Add missing reference model components to delay_group_lmpf and generated quantities #147

seabbs · 2022-07-31T17:17:10Z

As pointed out in #138 I have now made things a bit complicated for us (@adrian-lison and myself) in terms of implementing the missing reference model. This PR aims to implement a simplistic version of the missing reference model to the delay_group_lmpf and to the generated quantities with the idea we can make an improved version in the future/based on this implementation.

So far I have implemented:

An if else option in delay_group_lpmf based on if the missingness model is required
An allocation function to go from all (i.e up to dmax) observations to just observed observations
An allocation function to apply missing reference effects to log observations
A function to map (using a lookup) from observations/expectation by report and reference to observations/expectations by report.

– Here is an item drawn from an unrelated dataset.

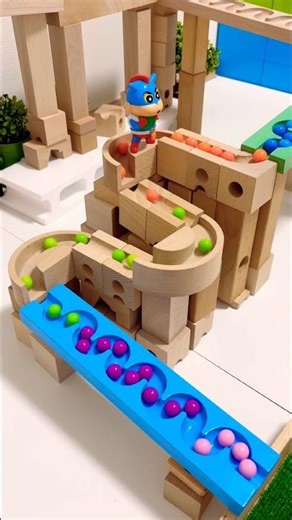 marble Run Race ASMR #111 Wooden Wave Course Colorful Marbles #marblerun #marblerunrace #asmr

Before being marked as not a draft this PR needs:

A lookup to be implemented in enw_missing()
Generated quantities to be updated with missing model
Filter for only observations with complete reports by reference date (efficiently)
The addtion of a basic regression test for the missing data model
Unit tests for the newly added functions.
Make sure it reproduces simulated missingness

This PR implements part of #43.

sbfnk

The indexing is savage but I couldn't spot any flaws.

inst/stan/functions/delay_lpmf.stan

seabbs · 2022-08-10T16:55:53Z

Did a little more work on this and fixed a small bug in the ordering of data for the simulation that may have been causing some issues. The issue with not recovering missingness proportions sadly has not been resolved and appears to be present across multiple nowcast dates (though not always an underestimate),.

I have now:

Checked on several other snapshots (for example see below).
Added enw_incidence_to_cumulative() to the package and renamed enw_new_reports() to match
Added unit tests for both these functions.

I still need to:

Update the news item
Add internal functions for the lookup code
Add unit tests for the lookup code
Add a regression test for epinowcast using the missing data model
Add simulator to the package
Add unit tests for simulator
More tests of simulation recovery
Update the model definition vignette
Unit test internal missing stan functions

Example nowcast (with a daily random walk on the proportion missing)

Note: Not entirely clear what is driving the day of the week effect seen here)

Example nowcast (fixed proportion missing)

Example nowcast (fixed proportion missing for a different date)

adrian-lison · 2022-08-31T14:38:00Z

So I was in a pedantic mood and made some changes to the in-code model documentation to make it a bit more intuitive (at least for me - hoping my brain is not too strange so others would profit as well 😆 )

adrian-lison · 2022-08-31T14:44:09Z

Unfortunately, no solution yet found for the wrong missingsness proportions...

But it really looks like we are leaking observations with missing reference times in the beginning, see the plot of imp_obs below (dots are realized / ground truth observations, accounting for the missingness):

Corresponding missingness:

EDIT: not fully true, the above could also be a result of the lack of signal for the first dmax time points

adrian-lison · 2022-09-01T06:55:18Z

This is still a riddle. Using print statements in stan, and copying the results into R (as a replacement for debugging), I have verified that no observations from imp_obs get lost further downstream:

imp_obs get fully distributed across delays
correct shares of cases with missing and non-missing reference allocated, sum up to overall expected obs
obs with missing reference correctly allocated to reporting times

inst/stan/functions/delay_lpmf.stan

adrian-lison · 2022-09-01T09:53:33Z

Since I am running out of possible implementation-level explanations for the observed behavior, I am starting to think about the model specification...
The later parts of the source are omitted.